The Mind team persisted though so yesterday I found myself in a basement room, surrounded by a battery of cameras feeling very nervous. I was lucky in that I had met everyone on the panel at least once and Paul Farmer the chief exec is a very calming presence (but then his standard day often involves TV and radio or meetings with the Prime Minister so I guess this doesn’t faze him).
We did our sound checks and before I knew it we were off. Once I got over being slightly self-conscious it became fun. A chat with three other people, all passionately committed to improving the mental health of the country. We relaxed in to our allotted roles, Karen was our policy / research guru, Emma took a strategic view of the workplace and it was my job to field questions on the nitty-gritty line management. Paul kept the conversation moving nicely, bringing us in to support each other as we moved through the audience questions.

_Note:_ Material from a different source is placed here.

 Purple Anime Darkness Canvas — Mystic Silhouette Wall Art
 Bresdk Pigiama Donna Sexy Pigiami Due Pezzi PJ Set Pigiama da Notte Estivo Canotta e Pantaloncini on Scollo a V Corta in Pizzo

I noticed from the questions that there remains a real fear about how to start a conversation around mental health, what words to use. I will reiterate what I said on the webinar, there is no perfect opening, no checklist of words. A clumsy start is better than no conversation at all. This is why it is so important to create the kind of workplace where staff wellbeing is a core part of how you do business. That way it is easier to start these conversations.

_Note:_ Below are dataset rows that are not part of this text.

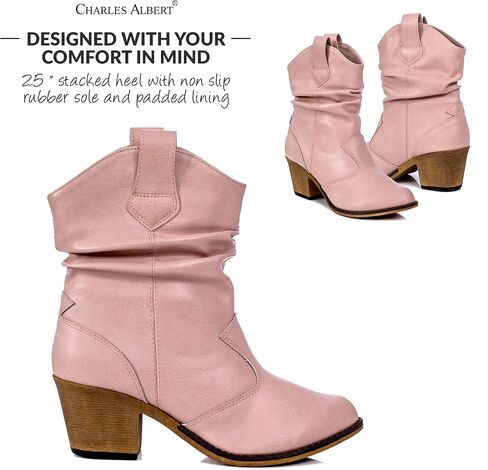 Women's Modern Western Cowboy Distressed Boot with Pull-Up Tabs in Kuwait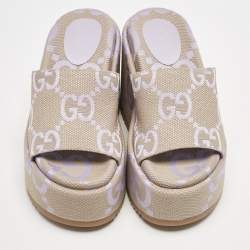 Gucci Beige/Purple Jumbo GG Canvas Platform Slide Sandals Size 35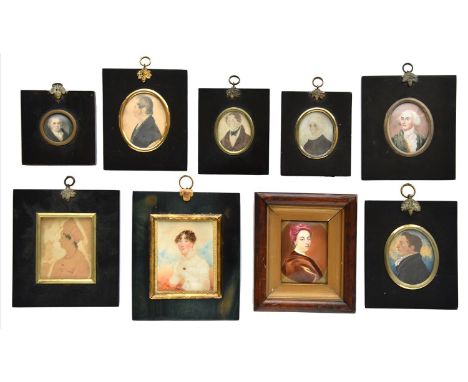 English&nbsp;Naïve Artist, early 19th c - Portrait Miniatures of a Lady and a Gentleman,&nbsp;oval, 55 x 45mm, papier mache f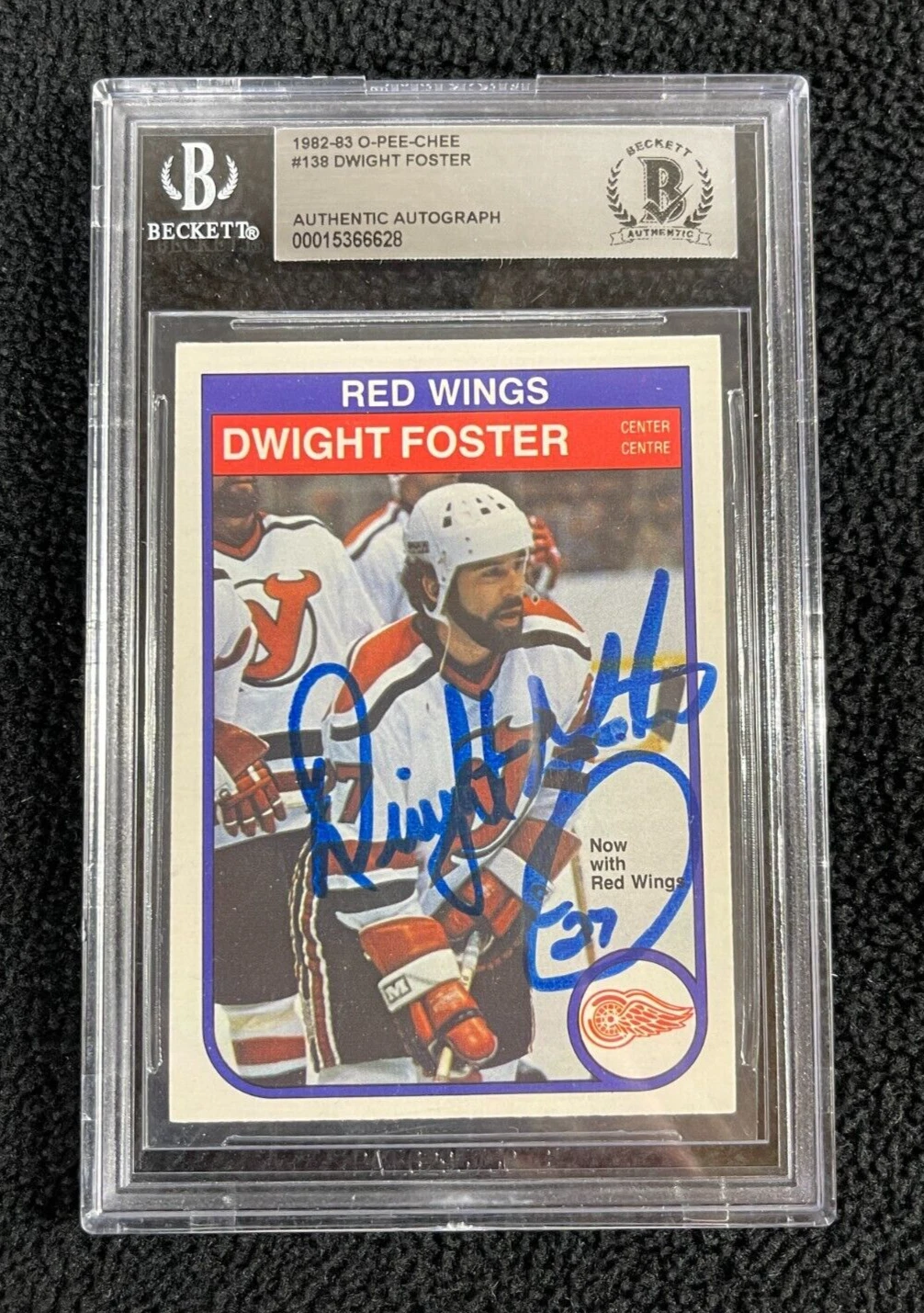 Dwight Foster Signed 1982/83 O-Pee-Chee Rookie Card #138 Red Wings BAS Certified
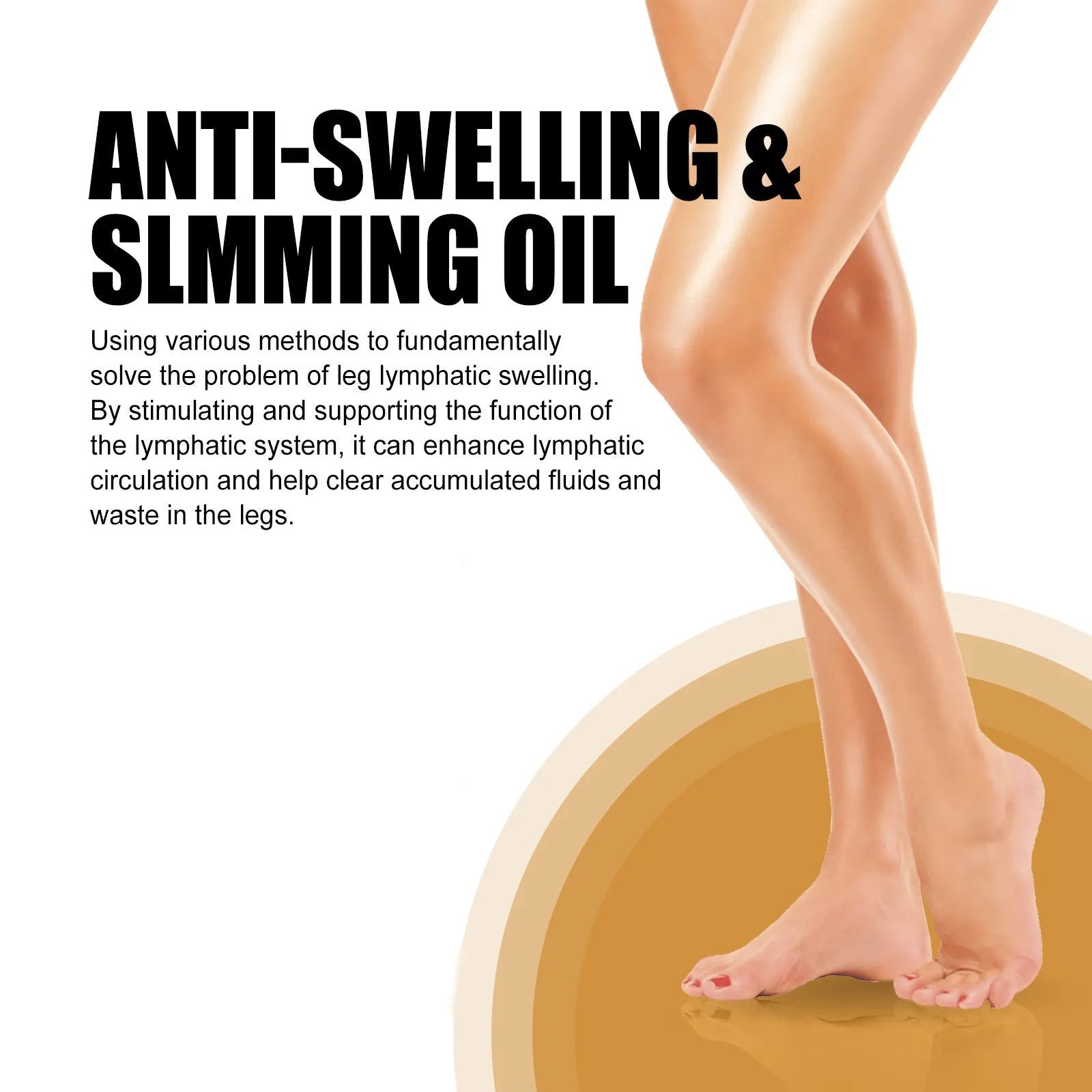 50ml bottle of botanical body moisturising oil with six extracts for skin care and leg massage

Which leads me on to a question about what to do if staff were having “performance issues” – (in this case the questioner thought the issues may be caused by a mental health condition but had no evidence to support this). My feeling was that regular one to ones and clear targets would nip many problems in the bud – the same as for any member of staff. Also I think it is important to note that you should never just assume that any colleague has a mental health condition – it’s better to talk to them and find out what is going on. There could be any number of reasons why their performance has dropped.
The final theme I picked up on was the idea that by making some sort of adjustment for staff with a mental health condition, you run the risk of upsetting the rest of your team. I’ve often heard this advanced as a concern by colleagues but I’ve never seen it pan out that way in real life. My top tip for this is actually to speak to everyone in the team, ask them how they would like to organize their work if they had more autonomy. Often you’ll get a bunch of great ideas without having to draw attention to any one member of staff.
I have focussed on the line management questions from the webinar but it’s fair to say that making your workplace more “mentally healthy” can solve a lot of the initial hurdles for managers. Mind publish great guides describing how best to go about this and I would say the attitude of the senior team is key in making this change – they can act as exemplars and role models.
So that was my 45 minutes of fame. I don’t think I will be troubling the judges at the Mind Media Awards any time soon and yet I really enjoyed it. I like the way that Mind is opening up a lot of social media channels to talk to people and I can bear to be on YouTube if it is going to help people get the care and assistance they need.